Here was a Bond who was cold and ruthless, yes, but also jaded and world-weary. A Bond who felt heartbreak. A Bond who was human!
'Skyfall' changed it all
Daniel Craig with Judy Dench in ‘Skyfall’ Picture credit: 007.com
I loved Daniel Craig’s Bond, but I still wasn’t sure I was going to be raving about Daniel Craig as Bond (especially after the blah Quantum of Solace). Till Skyfall. It was the Sam Mendes film that sold me on Craig as Bond. Craig added a complexity to Bond that just hit the ball out of the park. It didn’t matter that he wasn’t as debonair in a tux as Connery or as charming as Brosnan. For the first time I watched a Bond film and thought who cares about all that. When Bond comes out of self-imposed exile he is older, more troubled, struggling to get back to his best after being out of the game too long and questioning his relevance. Unthinkable for the Bonds of old who could just get on with it no matter what. In this film, Craig made Bond even more relatable than before. Javier Bardem’s Raoul Silva (easily one of the best Bond villains) gives Craig much to play off as does Judy Dench as M, her death being the most emotional moment in a James Bond film.
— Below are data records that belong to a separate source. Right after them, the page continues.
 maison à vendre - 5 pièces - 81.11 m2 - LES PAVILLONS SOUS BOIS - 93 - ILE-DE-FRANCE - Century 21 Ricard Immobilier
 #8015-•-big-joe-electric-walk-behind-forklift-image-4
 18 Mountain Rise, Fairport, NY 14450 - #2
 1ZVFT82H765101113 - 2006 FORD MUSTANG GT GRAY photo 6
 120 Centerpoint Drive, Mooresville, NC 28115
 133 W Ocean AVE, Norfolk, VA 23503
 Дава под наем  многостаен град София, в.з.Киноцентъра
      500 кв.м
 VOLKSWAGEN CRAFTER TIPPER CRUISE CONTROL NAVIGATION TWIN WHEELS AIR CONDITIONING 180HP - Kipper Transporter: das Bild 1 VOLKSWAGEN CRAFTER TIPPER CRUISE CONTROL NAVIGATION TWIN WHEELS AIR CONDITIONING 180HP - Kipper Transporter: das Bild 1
It took Skyfall, the most un-Bond film of them all, to make me go from ‘eww Daniel Craig as Bond’ to ‘woah Daniel Craig as Bond’. Not even the convoluted, and mostly boring, Spectre could take away from Craig as Bond.
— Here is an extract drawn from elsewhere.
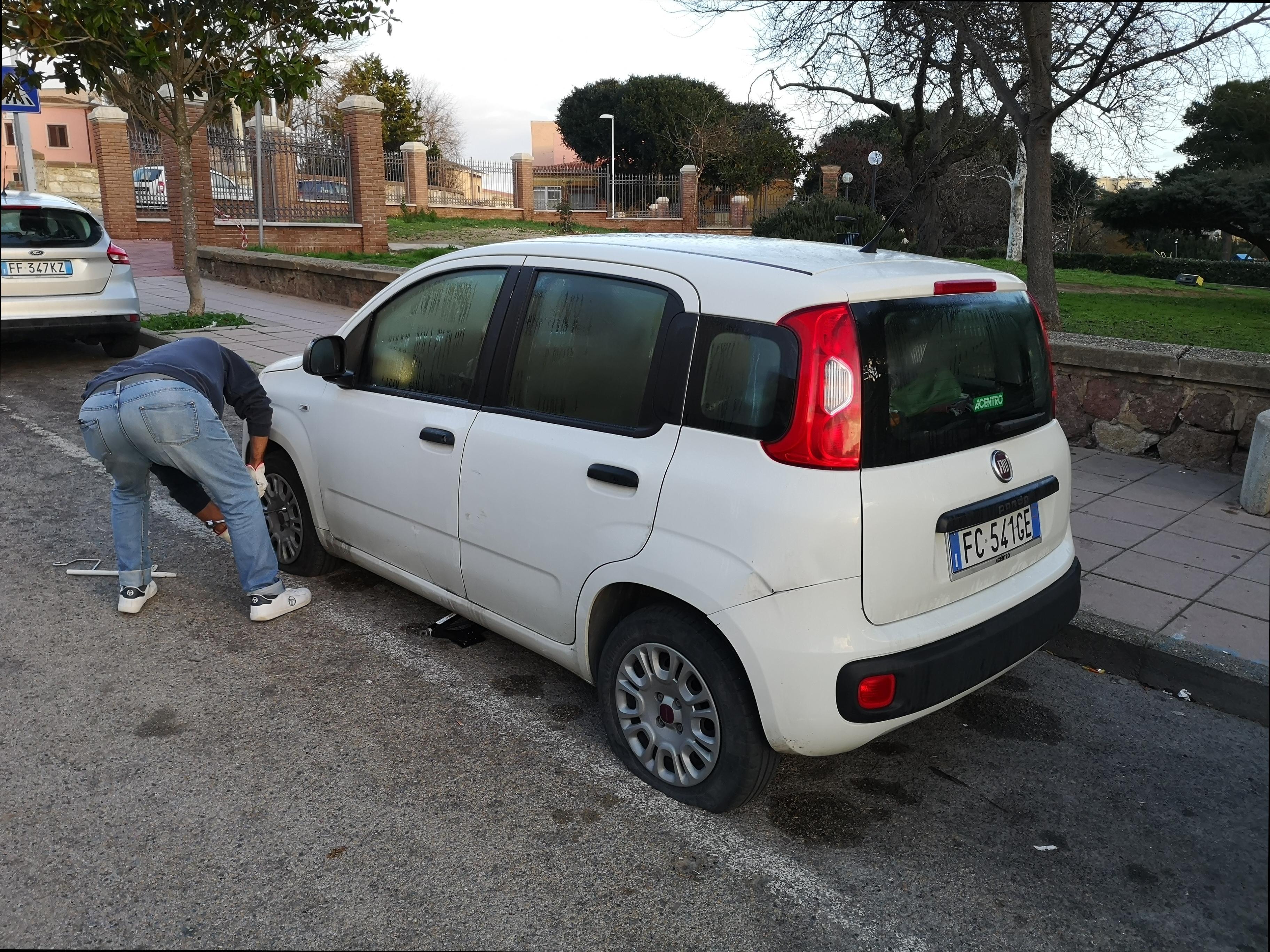 Porto Torres, raid vandalico: squarciate le gomme di una decina di auto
No matter how many times he said he didn’t want to do any more Bond films after Spectre, I wasn’t ready to say goodbye to a Bond who finally made sense in a world where spies like 007 are becoming entirely irrelevant. And thank god he didn’t bid adieu to the franchise after the disappointing Spectre (or slit his wrists to not do another Bond movie)! Because No Time to Die proved to be the fitting finale for the Daniel Craig era, a first for any Bond swansong. While the film is overly long, with perhaps one of the longest intro sequences, it uses the runtime effectively to wrap up most of the threads that tied all of the Daniel Craig-era Bond films together.
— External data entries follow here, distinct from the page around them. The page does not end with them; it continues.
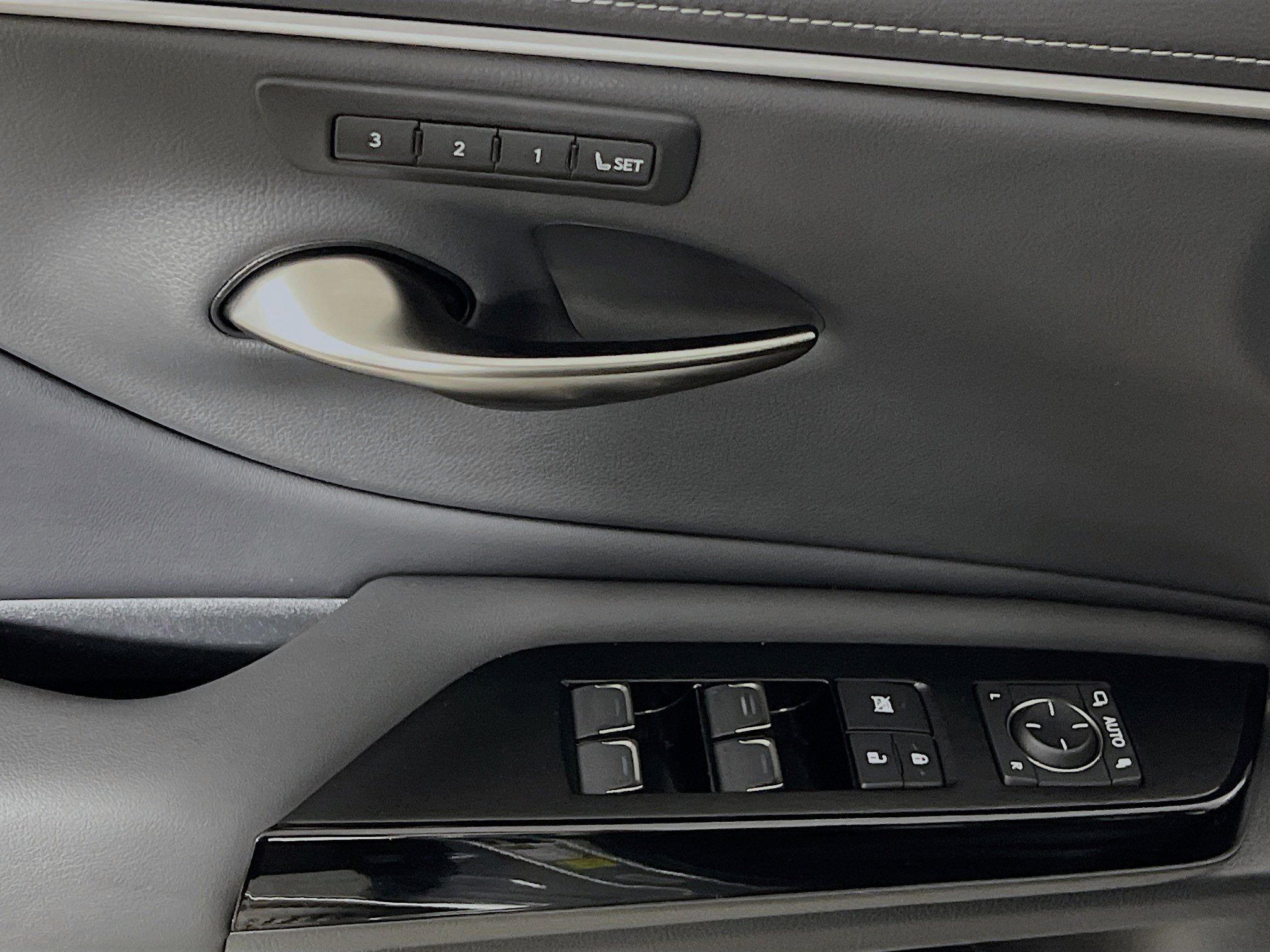 Used 2024 Lexus ES 350 w/ Premium Package image 17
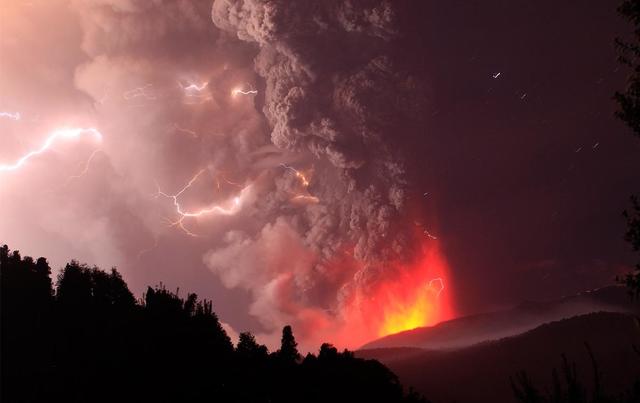 Puyehue-Cordon Caulle Erupts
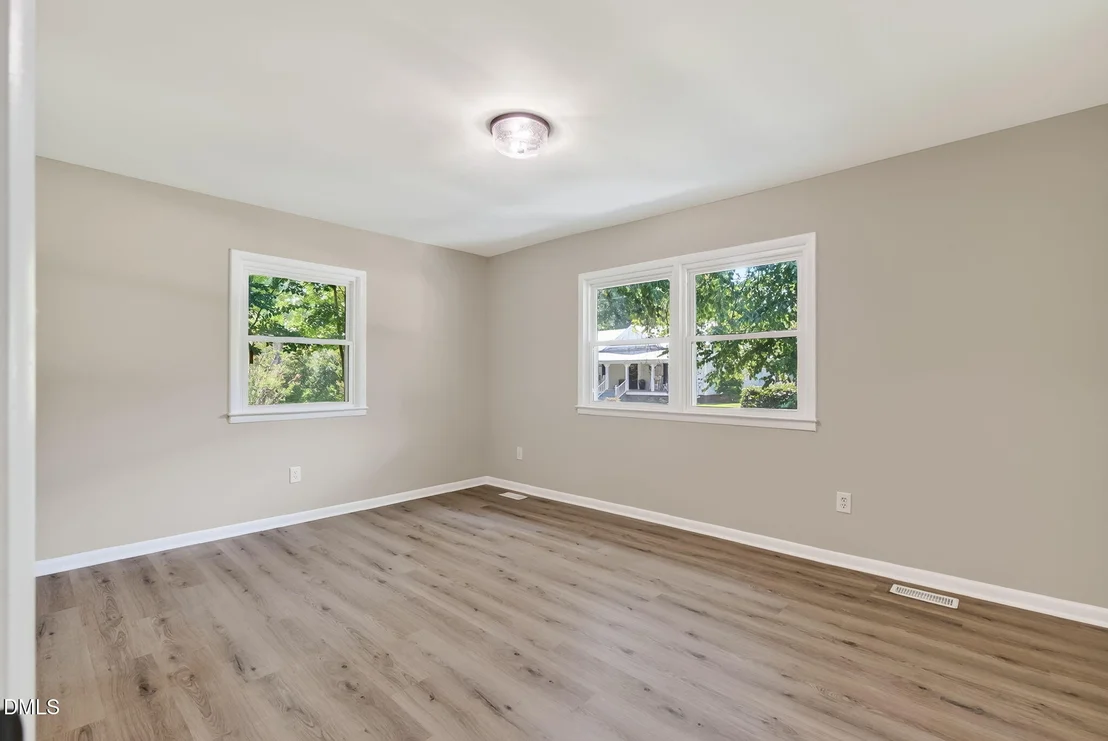 Photo of 6145 Front Street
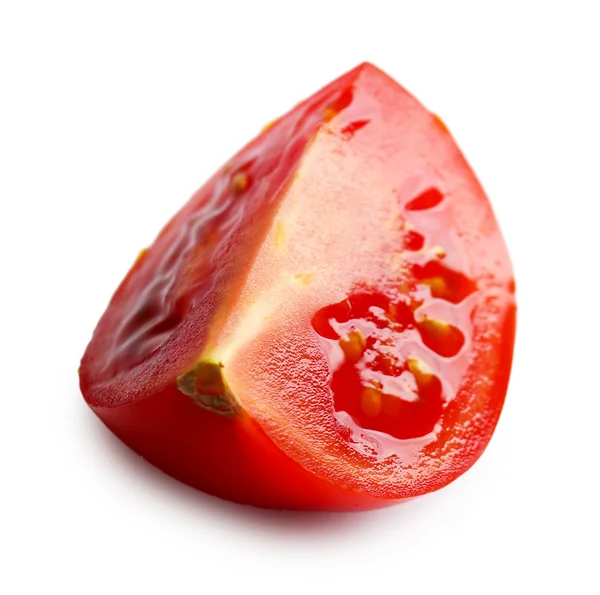 Rebanada de tomate cereza aislado en blanco — Foto de Stock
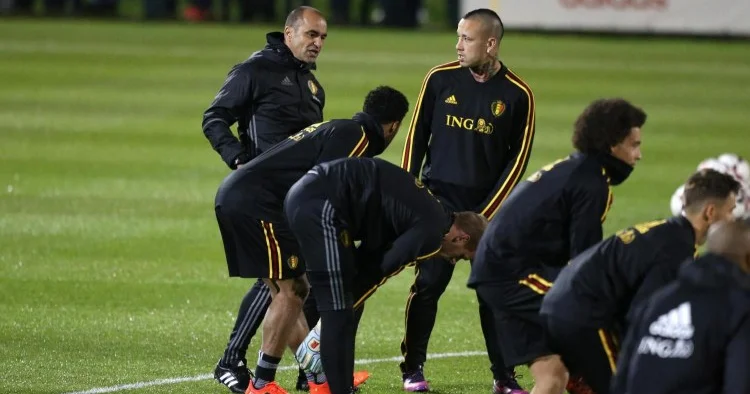 Daha yaxşı baş məşqçimiz olsaydı, kuboklar qazana bilərdik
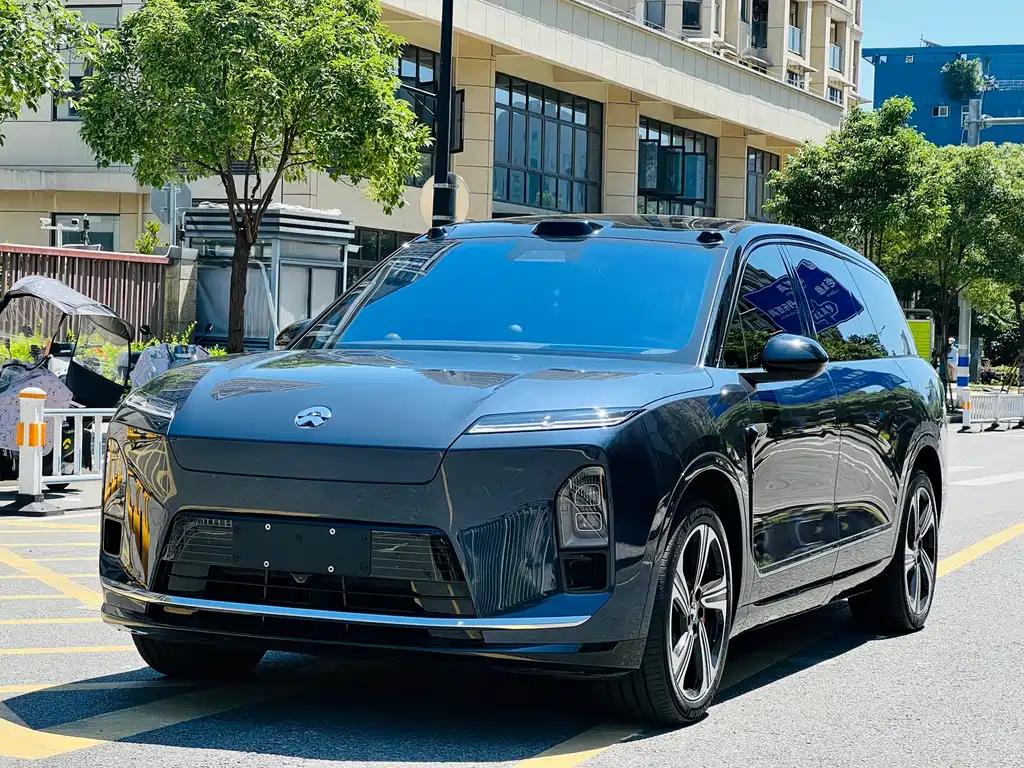NIO ES8 2026 мест Executive Luxury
A Bond more vulnerable than ever
In No Time to Die, Daniel Craig gives us a Bond who is more vulnerable than ever, and more importantly, vulnerable in love. He doesn’t hide his emotions behind an expressionless mask all the time. He feels his irrelevance, being replaceable as a 007 by a younger, sharper, perhaps better agent, who is black and female! But it also retains the Bond tropes that make the films what they are -- the subtle humour, the pithy one-liners, the martinis, the cars, the gadgets, the gunfights, the tux -- and is infinitely enjoyable as an action flick. Yes, the plot is a little thin and the villain (Rami Malek) underdeveloped, but it showcases what Craig has brought to James Bond to its best, making Craig the only 007 to go out on a high note.
What James Bond used to be in the Connery era is being done better in spoofs, whether it is the utterly ridiculous Austin Powers, or the overly British Kingsman series. Daniel Craig has redefined Bond for the modern generation and set the bar high. I can’t help but be worried that the next Bond will fail the new Bond test. Oh, here we go again!